Schets niet wat je niet wilt, maar juist wat je wel zou willen

Deelnemers en genodigden van Dilas waren donderdag 17 oktober bij elkaar op de Brainport Industries Campus in Eindhoven voor het Nationaal Vastgoeddebat. Daar debatteerden ze over de hamvraag: Welke economie willen we zijn? Waarmee willen we ons geld verdienen? “Het antwoord op die vraag heeft consequenties voor ons ruimtegebruik”, stelde bestuurslid Tim Beckmann.

Heleen Mees, econoom en columnist voor de Volkskrant, heette de deelnemers welkom en nam met hen het programma door. Vervolgens droeg zij het stokje over aan Beckmann die namens het bestuur van Dilas de context schetste. “We willen graag met jullie de vraag verkennen over welke economie we willen zijn. Omdat wij denken dat die vraag bepalend gaat zijn voor keuzes over ruimtegebruik, bedrijvigheid en welvaart. We hebben wat mij betreft een tekort aan heldere keuzes. We willen een miljoen woningen bouwen, ruimte maken voor de circulaire economie en we willen de natuur beschermen. Ondertussen zijn we heel sceptisch over grootschalige bedrijvigheid zoals distributiecentra. Het huidige debat suggereert dat we niet alles meer kunnen faciliteren, dat Nederland vol is, en dat we keuzes moeten maken om de ruimtelijke opgave aan te pakken die voor ons ligt. Maar ik draai het graag om. We zijn alleen in staat om goed ruimtelijk beleid te formuleren als we eerst duidelijke keuzes maken.”

Welke economie willen we zijn?

De noodzaak om keuzes te maken werd met een aantal voorbeelden onderbouwd. “Willen we een kenniseconomie zijn? Besef dan wel dat slechts een derde van de beroepsbevolking hoger is opgeleid. Of willen we een agrarische economie zijn? Kijkend naar ons ruimtegebruik zou je die conclusie al kunnen trekken maar daarmee vullen we de schatkist niet. De huidige bijdrage vanuit de agrarische sector aan het Bruto Binnenlands Product is slechts één procent en voor onze voedselvoorziening zijn we minder afhankelijk dan soms gedacht aangezien we nog altijd 85 procent van ons voedsel uit het buitenland importeren. Willen we dan misschien transformeren naar een maakindustrie? Het belang van een innovatieve en circulaire maakindustrie wordt onderkend door Dilas maar voorlopig kunnen we daar nog niet op leunen, aangezien deze sector in Nederland momenteel slechts 13 procent bijdraagt aan ons nationale inkomen.”

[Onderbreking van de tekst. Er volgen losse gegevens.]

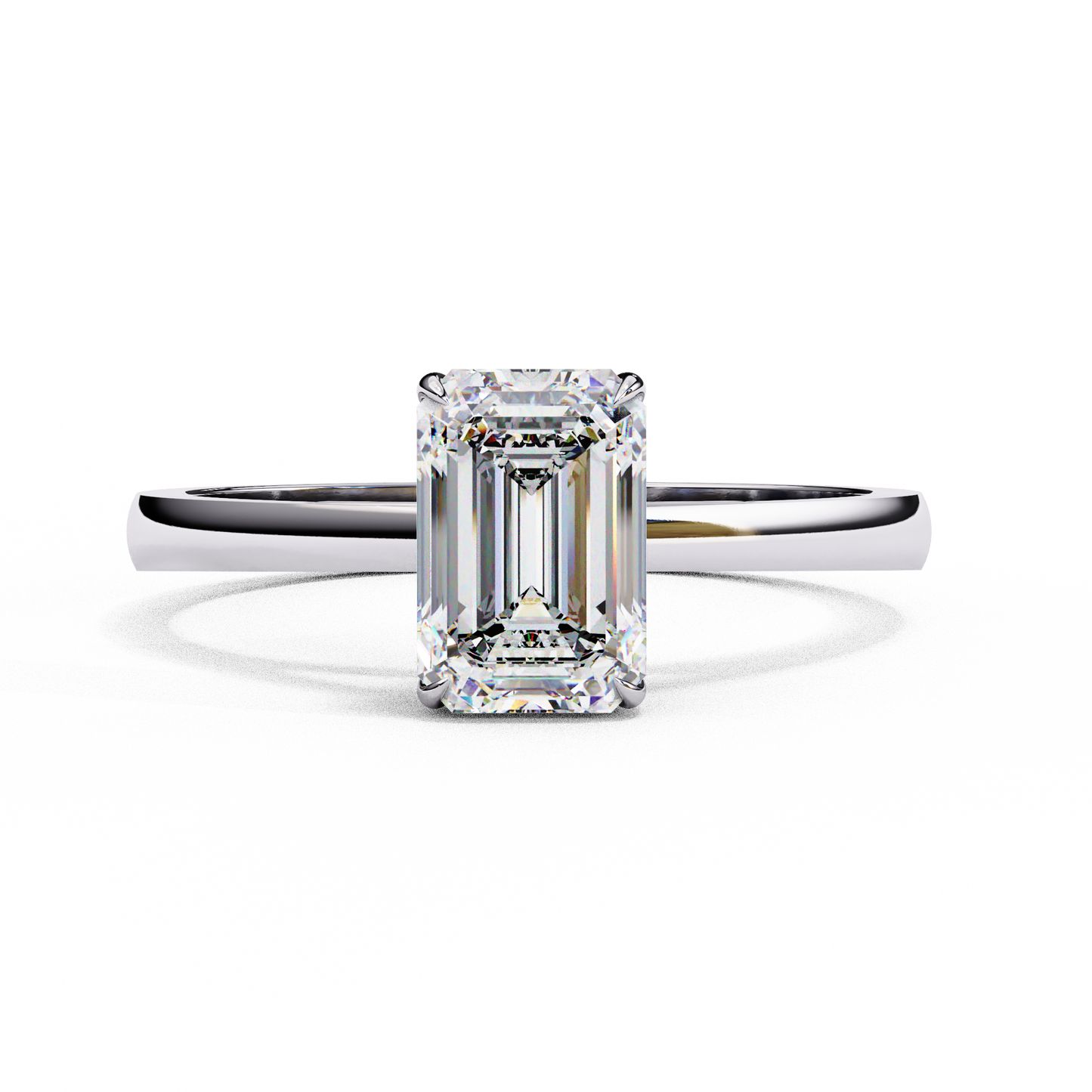 Lab-Grown Emerald-Cut Diamond Solitaire Ring in Yellow Gold, 1.20 CT Emerald Cut Lab Grown Diamond Ring
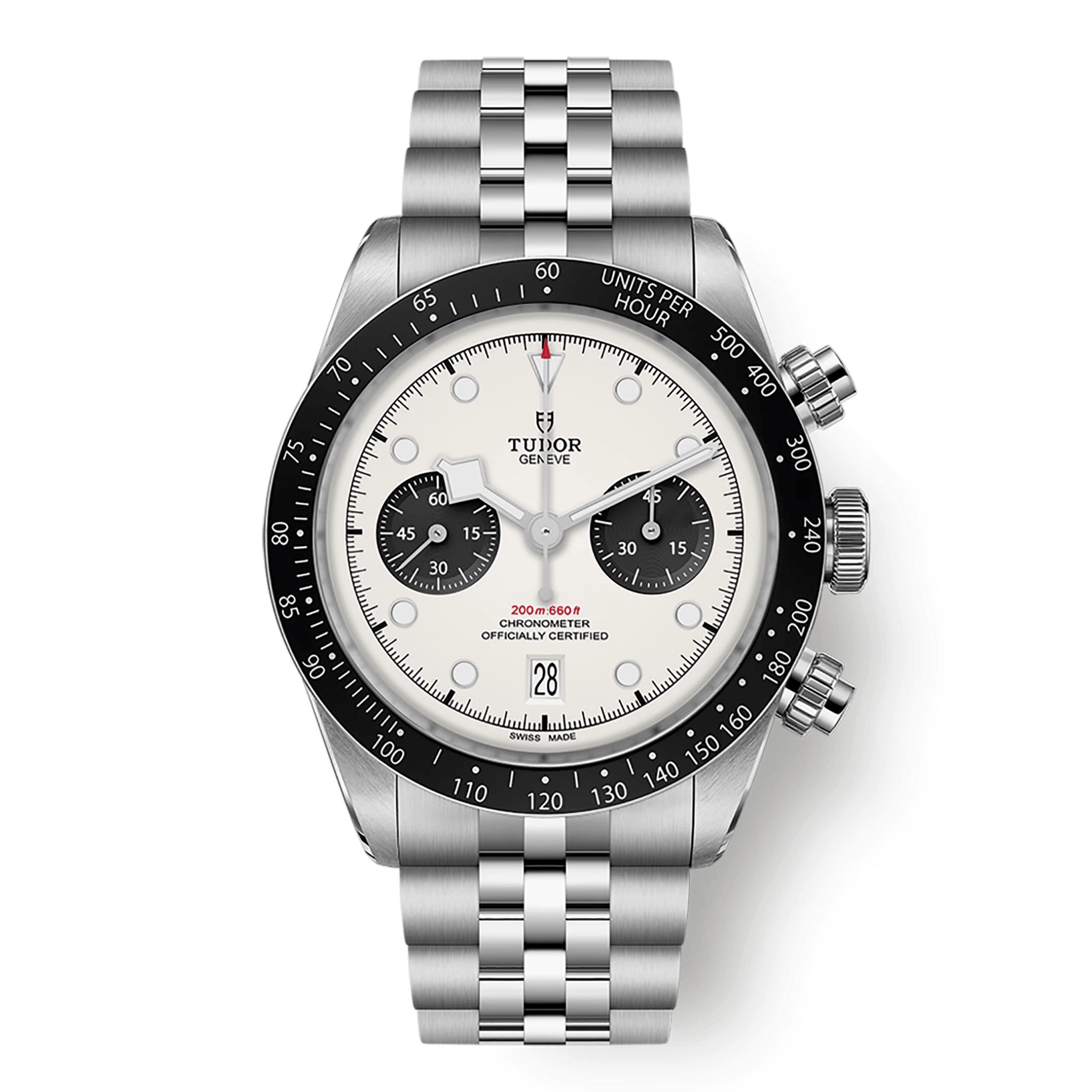 Montre Tudor Black Bay Chrono automatique cadran blanc opalin bracelet acier 5 mailles 41 mm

“Misschien dan toch ook het belang erkennen van een diensteneconomie?”, stelt Beckmann. “Ons huidige nationale inkomen bestaat voor 85 procent uit inkomsten uit diensten. En handel en logistiek zijn de belangrijkste pijlers onder die diensten. We ontkomen niet aan de conclusie dat deze sectoren erg belangrijk zijn voor onze economie, alhoewel de discussies over handel en logistiek soms anders doen vermoeden. Kortom, DILAS denkt dat daar belangrijke keuzes te maken zijn. Daarbij speelt ook dat het lijkt alsof wij als Nederlanders niet meer zo trots zijn op onze bedrijven en onze economie. Grote bedrijven als Unilever, Boskalis, Shell en DSM zijn methun hoofdkantoor inmiddels al weg uit Nederland. En er heeft niemand echt om getreurd. Hoe anders is dit in de landen om ons heen. Daar is men trots op de bedrijvigheid en accepteert men dus ook de noodzakelijke keuzes voor ruimtelijke ordening.”

Het is de vraag hoe we de ruimte gebruiken

Vanuit het bestuur van Dilas wordt opgeroepen tot het maken van duidelijke keuzes. “Een interessante vergelijking is te maken met Singapore, een land dat, met mede door zijn strategische ligging, duidelijk heeft gekozen voor handel en logistiek. Het resultaat is dat Singapore een van de rijkere landen ter wereld is. Wat leren we daarvan? Singapore laat zien dat ruimte niet het probleem is, maar het gaat over de vraag hoe we die ruimte gebruiken. Nederland is maar voor 13 procent bebouwd.” 60 procent is agrarische grond. “Als we bereid zijn het bebouwde oppervlakte uit te breiden met 1 tot 1,5 procent, kunnen we al onze ambities voor logistiek, de circulaire economie, duurzame landbouw en woningbouw met gemak invullen. De strijd om de ruimte leggen we onszelf op door de keuzes die we maken.”         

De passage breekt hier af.